Relire André Gide – entre pensée vivante et construction littéraire
Sur : Échos d’André Gide. Éditions, traductions, réception, colloque international et pluridisciplinaire s'étant tenu à Mulhouse les 23 et 24 février 2024
I. De l’œuvre et de ses relectures
L’Université de Haute-Alsace à Mulhouse a accueilli une bonne vingtaine de chercheurs pour interroger l’œuvre gidienne au prisme des relectures qui en ont été faites de son vivant et jusqu’à présent.

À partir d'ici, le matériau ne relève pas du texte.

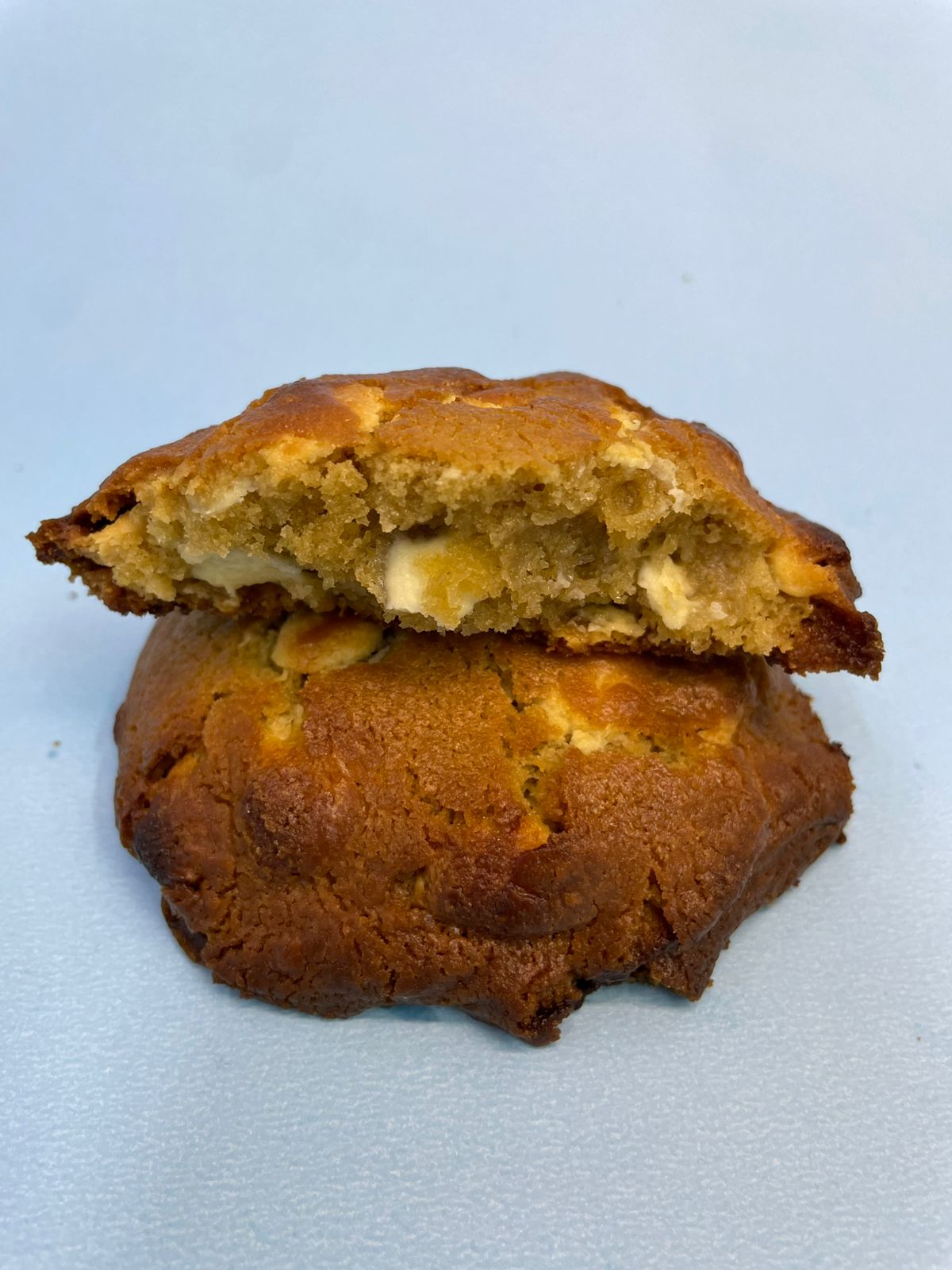 Cookie Limão Siciliano com recheio cremoso por dentro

André Gide insiste, dans ses réflexions, sur l’importance, pour lui, d’« être relu », car il ne « cherche pas à être de [son] époque », mais à la « déborder ». Il fixe son regard au-delà de l’aréopage de ses contemporains et souhaite écrire une œuvre pérenne qui puisse servir aux générations à venir, l’un de ses objectifs essentiels étant de parvenir à « durer ». Cette idée de durabilité, qu’a bien rappelée Martina Della Casa (ILLE – Université de Haute-Alsace) lors de l’ouverture du colloque pour mettre en perspective les travaux qui ont suivi, s’allie à une autre idée, celle de marquer la postérité, comme l’a énoncé Clara Debard (LIS – Université de Lorraine). La question du posthume est en effet très importante pour Gide, qui construit lui-même, tantôt avec, et tantôt contre ses connaissances, amis ou critiques contemporains comme postérieurs, son image littéraire.

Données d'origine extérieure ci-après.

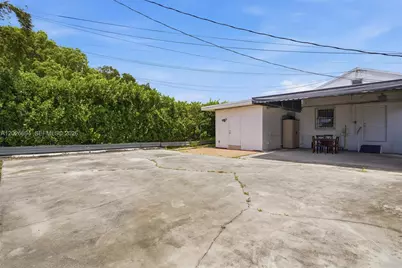 3240 NW 7th St, Miami, FL 33125 - Photo 39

Se relire devient alors primordial pour Gide, comme l’a indiqué Martina Della Casa, car la relecture se révèle chez lui une méthode critique, un processus de « vérification » qui lui sert à revenir sur son œuvre, tout comme elle permet à son lectorat de l’aborder librement, à des moments différents, et d’y apporter ainsi de nouveaux points de vue.
À travers des approches littéraires, sociologiques, linguistiques, traductologiques, éditoriales ou encore pédagogiques, les relectures gidiennes proposées par les diverses communications se sont attachées non seulement aux éditions et traductions de l’œuvre de Gide, mais aussi à des correspondances, écrits intimes, témoignages et représentations artistiques, à des articles de presse et études critiques, ainsi qu’à des ressources pédagogiques. Ainsi faisant, les communications des intervenants se sont penchées sur la manière dont l’écrivain et son œuvre sont parvenus à « durer » tout en subissant, avant et après sa mort, les affres de la controverse, des contestations et interrogations d’ordre esthétique, moral comme politique.
Ces discussions et débats correspondent bien à la volonté de Gide d’être lu, relu et reconnu, non seulement pour apprécier les qualités et la nouveauté de son esthétique, mais aussi pour considérer sa capacité à soulever des questions dignes d’être énoncées et examinées par les générations à venir, comme il l’explique dans son Journal des Faux-monnayeurs :
Il n’y a guère de « règles de vie », dont on ne puisse se dire qu’il y aurait plus de sagesse à en prendre le contre-pied, qu’à les suivre.
D’abord procéder à l’inventaire. On fera les comptes plus tard. Il n’est pas bon de mêler. Puis, mon livre achevé, je tire la barre, et laisse au lecteur le soin de l’opération ; addition, soustraction, peu importe : j’estime que ce n’est pas à moi de la faire. Tant pis pour le lecteur paresseux : j’en veux d’autres. Inquiéter, tel est mon rôle .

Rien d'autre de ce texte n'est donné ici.